Seven of the 20 original protestors were held at the station for five days before they were sent to Luzira prison, the only maximum security jail in Uganda which houses death row inmates.
‘We suffered many different diseases due to the poor hygiene [in the prison],’ Abello recalls. ‘We were tortured by some [fellow] prisoners.’
The activist claims that ‘agents’ from Total visited them while they were inside and threatened them. ‘They told us to stop the fight against EACOP or we shall not leave prison.’
This isn’t the first time the company has been accused of playing a role in the state’s intimidation of anti-pipeline activists. In December, Global Witness said it had uncovered evidence suggesting the oil giant may have shared information about specific activists with state officials before their arrest, and had been party to intimidation of communities affected by the EACOP project.
'A non-violent protest has never been a crime.'
New Internationalist contacted Total who did not comment directly on the 24 November arrests, but instead pointed to a letter addressed to Human Rights Watch in October 2023 which said they work to ‘ … ensure that the human rights of the arrested protestors are respected’.
The company has previously denied allegations that they have intimidated anyone affected by the project.
It wasn’t until 19 December, after pleading to the judge that they were missing exams and graduations, that the group was granted bail and released from Luzira. But their ordeal was far from over.
Abello says the activists have continued to receive threats, while some have had their homes broken into and raided. Three of the young activists spent several weeks in hospital after their release due to the injuries sustained in jail. Others have lost their homes because they were no longer able to pay the rent. Abello has been living with a friend since his release.
‘I feel ashamed to burden my friend, but I have nothing,’ he says. ‘Last week, I had to borrow money for medical treatment. Even paying for food is a problem. We have not had any support or help from our universities.’

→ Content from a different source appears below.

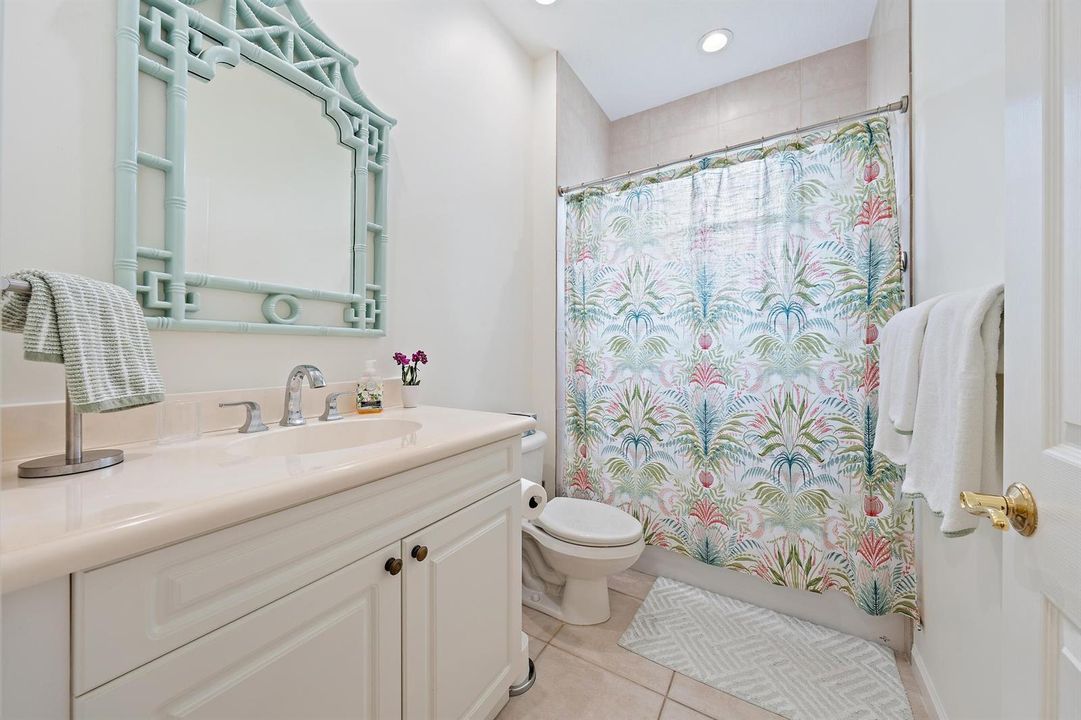 9907 SE Osprey Pointe Dr-22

The group are also struggling to find part-time work.
‘Our names are ruined to our parents,’ Abello says. ‘We can’t get jobs. We have no funds. I keep trying to give my friends hope. I always tell them not to regret what they did because it is just the beginning. We have to protect our planet.’
As Abello awaits his court date on 7 February, in which the five defendants are pleading not guilty, he and his friends are worried about their futures.

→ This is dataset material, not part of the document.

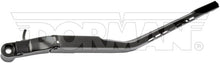 Load image into Gallery viewer, 42668 Windshield Wiper Arm Dorman - HELP Canada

But the activist’s fears extend beyond the personal consequences to himself. More widely, he worries a negative outcome could create a chilling effect on student climate activism.
‘The judge had said [that if we are found guilty] we shall act as an example to other students who try to stop the EACOP project.’ Nonetheless Abello remains defiant: ‘I continue to work to mobilize students to take non-violent action against EACOP because it is a way we fight for ourselves.’

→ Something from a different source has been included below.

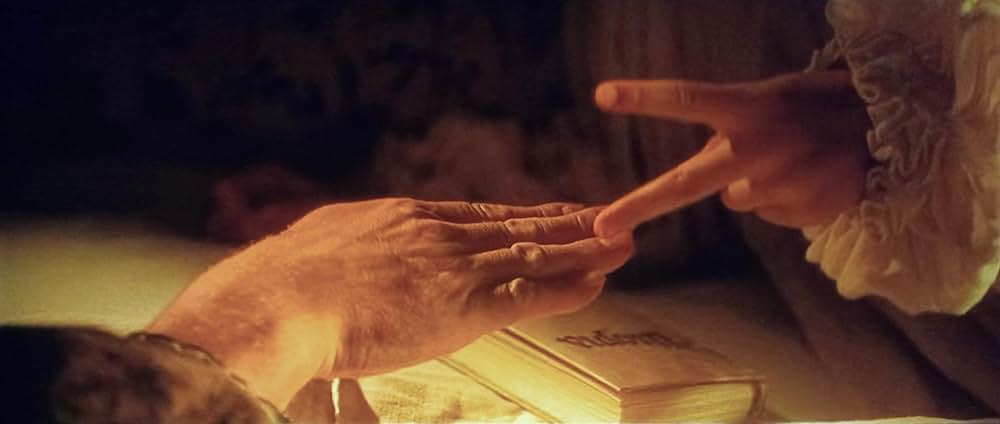 エバー・アフターの画像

'I always tell them not to regret what they did because it is just the beginning. We have to protect our planet.'
‘Silencing our voices’
Twenty-five-year-old Nyombi Morris was at a regular Friday climate justice protest with his brother in March 2021 when a police car pulled over.
‘They seized my brother and slapped us,’ he told New Internationalist. ‘They took away our phones and cardboard [signs] and threw us into the back of a police van. While my brother was sobbing, onlookers asked why we were being detained. The police threatened to put me in jail if they ever found me [again].’
Arrests like these are becoming more commonplace in Uganda, says Morris, who feels that climate activists are increasingly being ‘treated like criminals’. At least 30 environmental defenders, many of them students, have been arrested in Kampala and other parts of Uganda since 2021, according to Human Rights Watch.
‘Because of the widespread brutality, intimidation and unnecessary arrests, as well as the regime's opposition to anyone who identifies as an activist, we may see more voices falling silent,’ Morris warns. ‘[The government] don't want anyone to protest against anything that makes them money; even if the idea doesn’t work or the citizens aren’t happy with it.